• What the task asks: Extract, word for word, each line from the line holding "Caixa de Som" through the end of the records. Omit every picture.

______

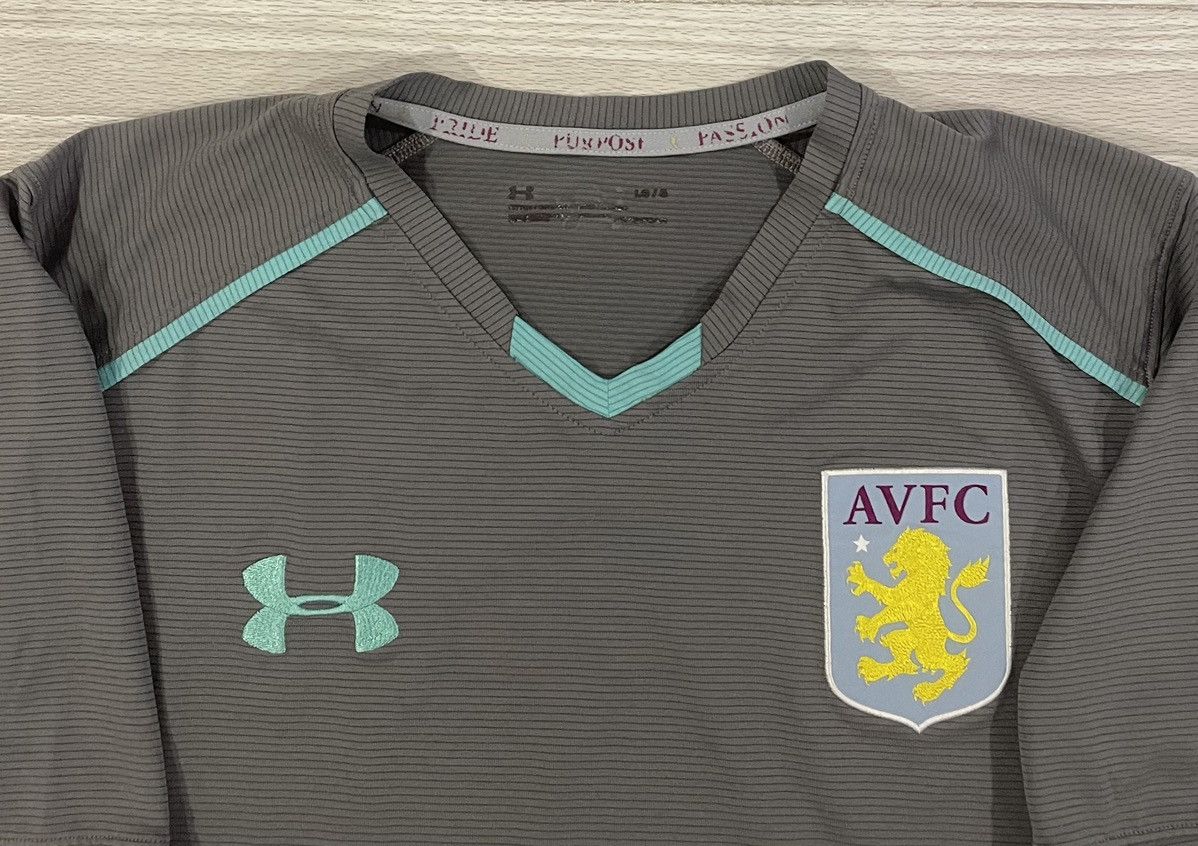 Under Armour Under Armour 2017/18 Aston Villa Soccer Jersey Mens Large Size US L / EU 52-54 / 3 - 2 Thumbnail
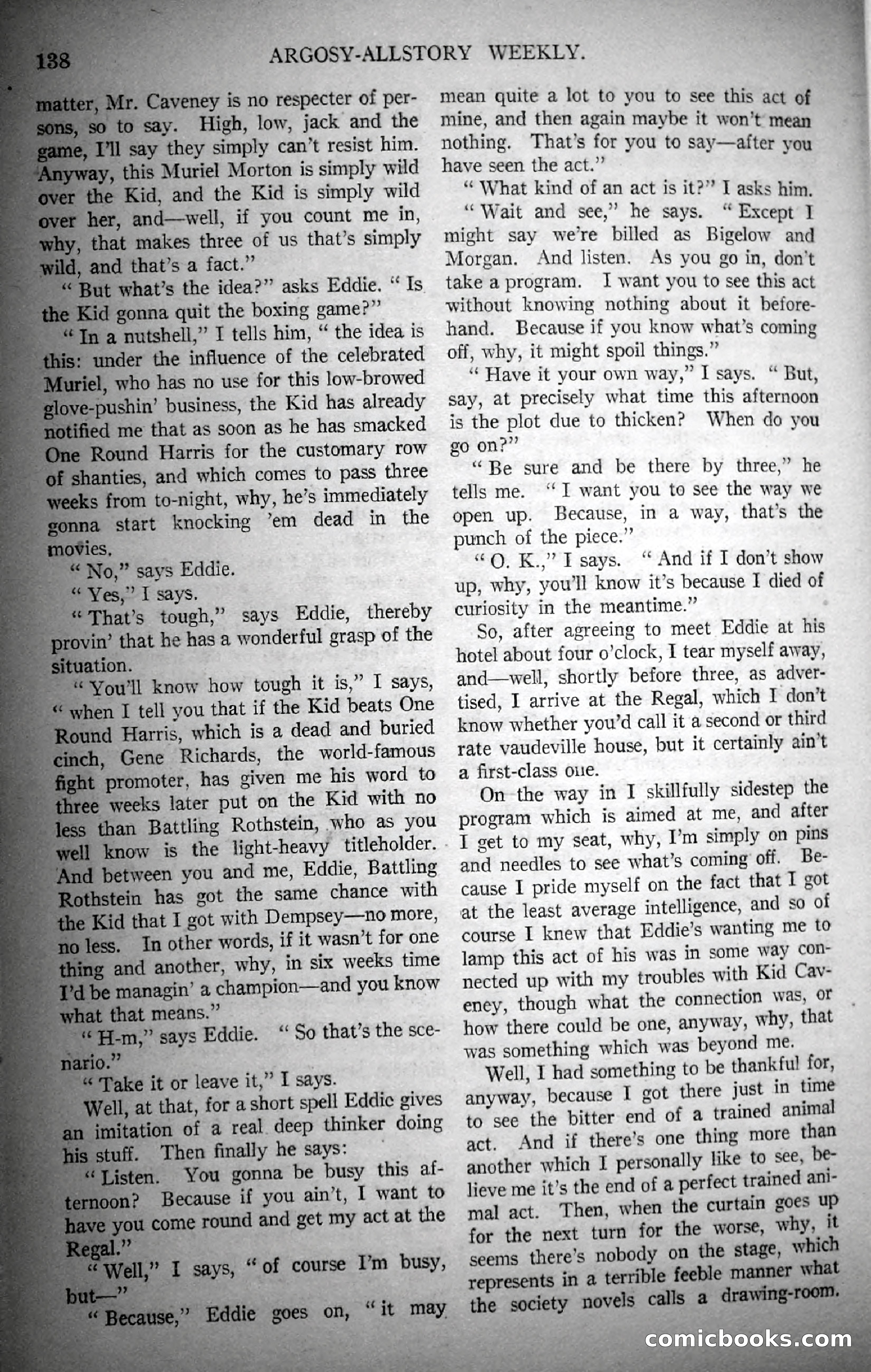 Argosy, Vol. 147, No. 1 — page 152 of 180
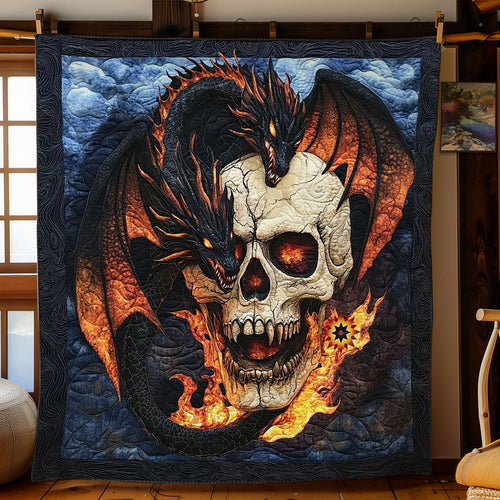 Infernal Dragon WN0612066CL Quilt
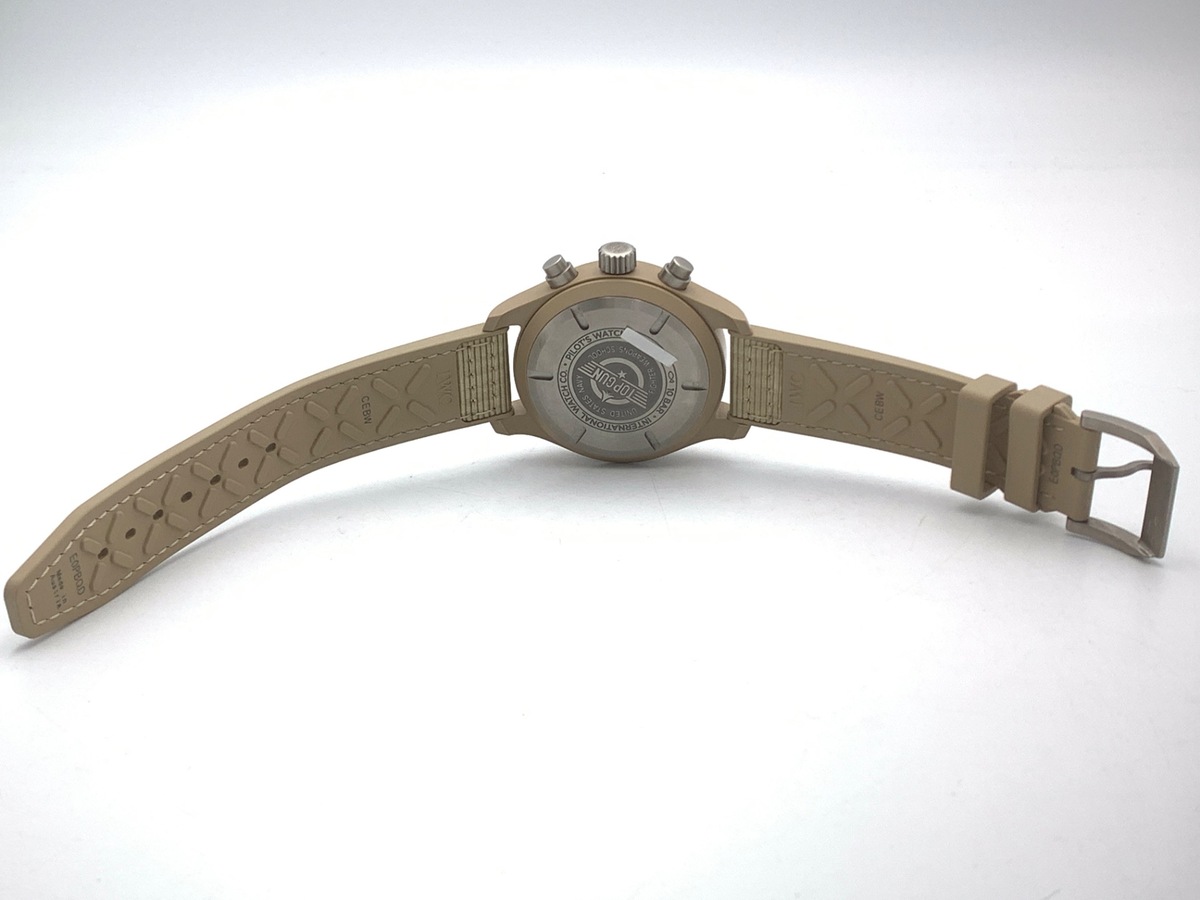 IWC パイロットウォッチ ブラウン IW389402 セラミック トップガン モハーヴェ・デザート
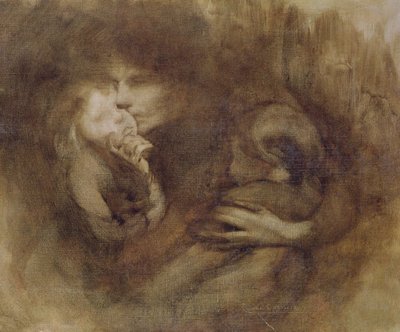 Fine Art Print of Maternity by Eugene Carriere
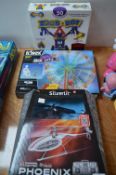 Children's Toys Including Phoenix RC Helicopter, K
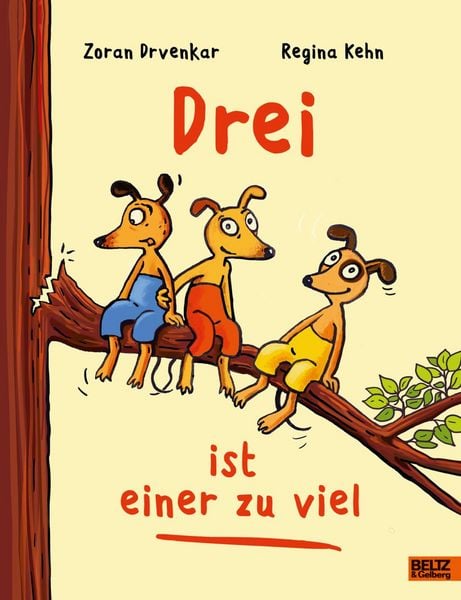 Produktbild: Drei ist einer zu viel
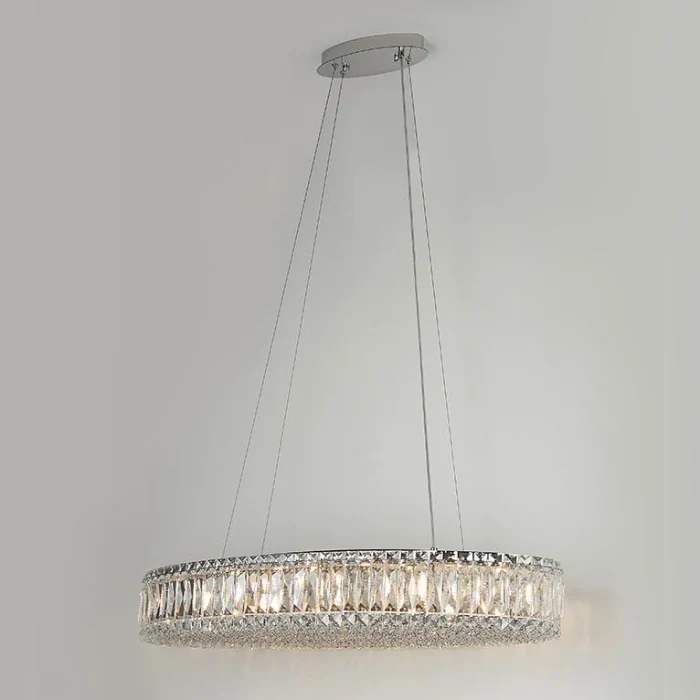 Подвесной светильник 8468/S chrome Newport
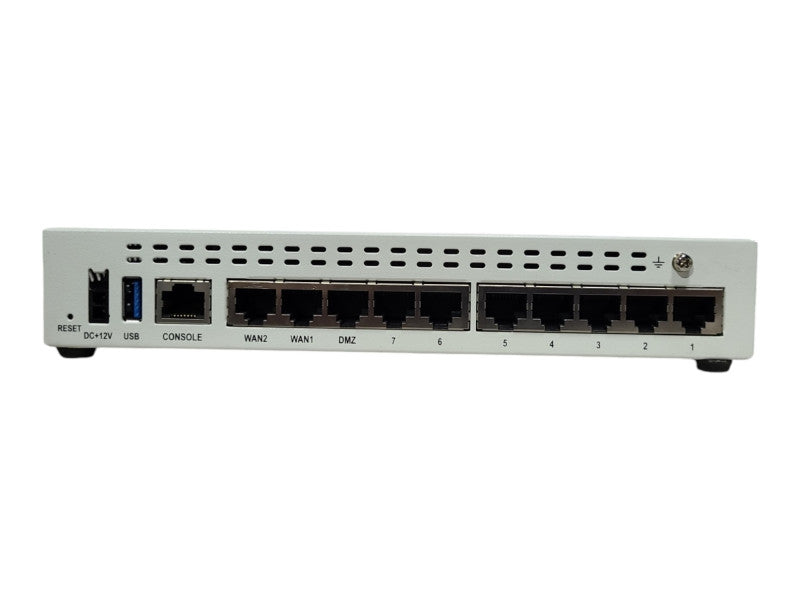 Fortinet Fortigate-60E, FG-60E, Network Security Firewall, Factory Reset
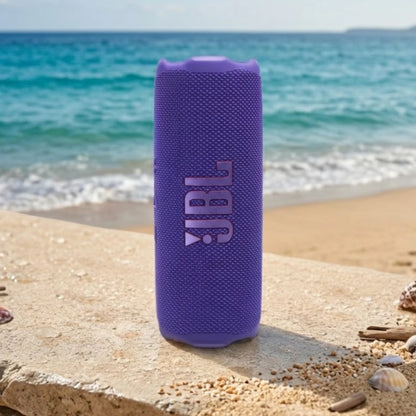 Caixa de Som Portátil JBL Flip 7 — Bluetooth, IP68 e até 16 Horas de Reprodução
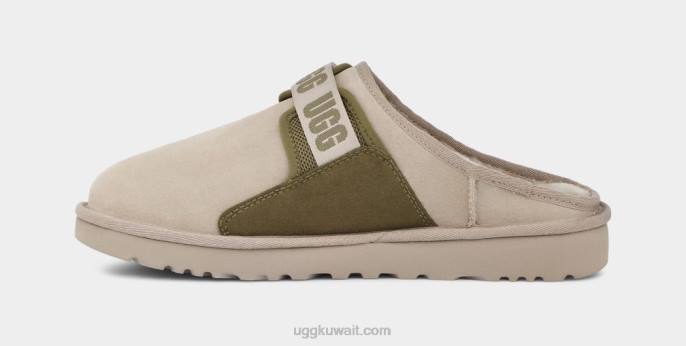 الكثبان الرملية خيط / طحلب أخضر رجال UGG 08HB1446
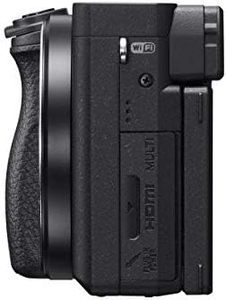 <span class=keywords><strong>Appareil</strong></span> <span class=keywords><strong>photo</strong></span> hybride Sony Alpha a6400 <span class=keywords><strong>compact</strong></span> APS-C avec <span class=keywords><strong>objectif</strong></span> <span class=keywords><strong>interchangeable</strong></span>, autofocus des yeux en temps réel, vidéo 4K - Product Image 4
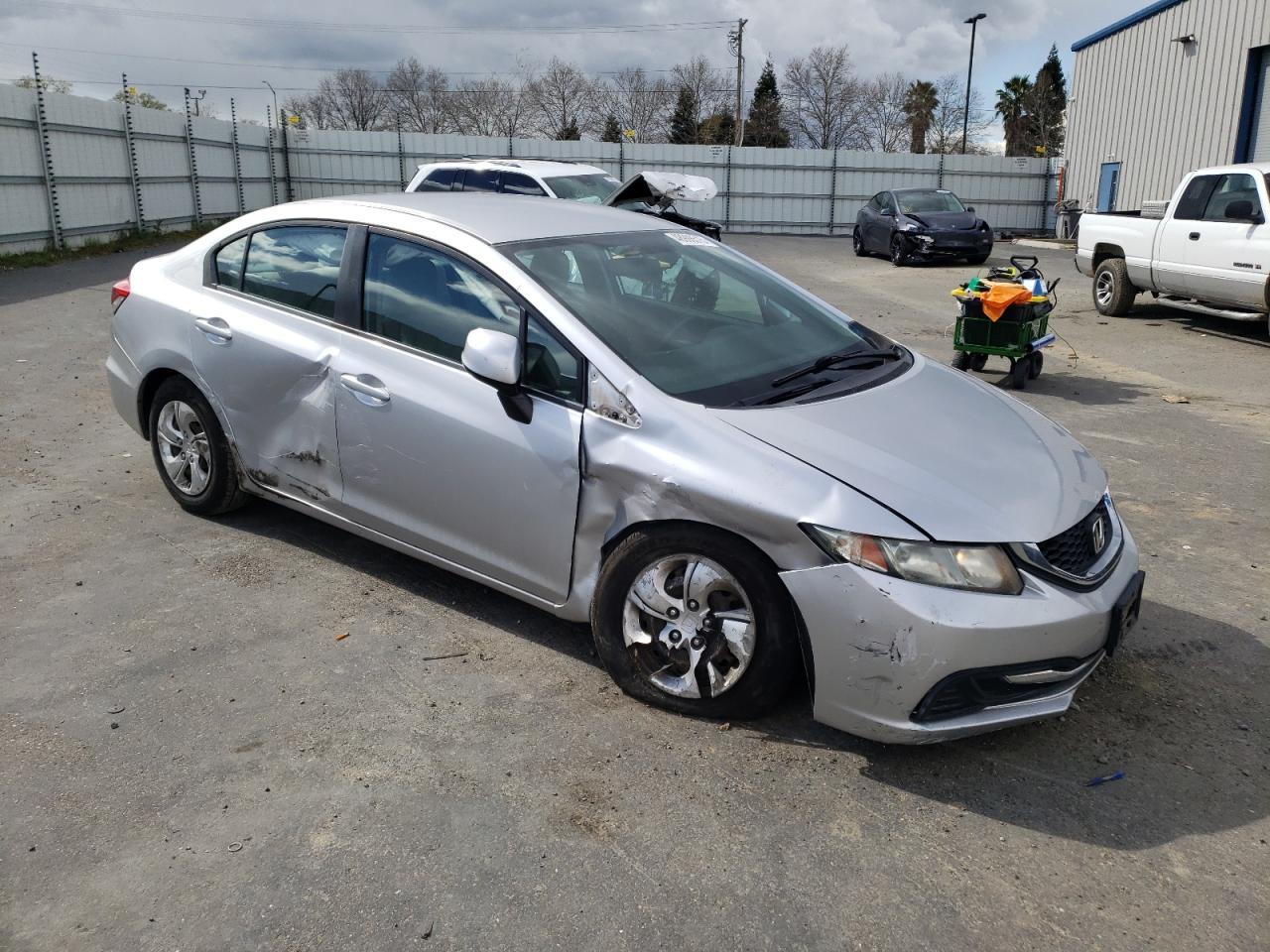 2013 HONDA CIVIC LX - Image 4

______

• Result below:
 Caixa de Som Portátil JBL Flip 7 — Bluetooth, IP68 e até 16 Horas de Reprodução
 الكثبان الرملية خيط / طحلب أخضر رجال UGG 08HB1446
 <span class=keywords><strong>Appareil</strong></span> <span class=keywords><strong>photo</strong></span> hybride Sony Alpha a6400 <span class=keywords><strong>compact</strong></span> APS-C avec <span class=keywords><strong>objectif</strong></span> <span class=keywords><strong>interchangeable</strong></span>, autofocus des yeux en temps réel, vidéo 4K - Product Image 4
 2013 HONDA CIVIC LX - Image 4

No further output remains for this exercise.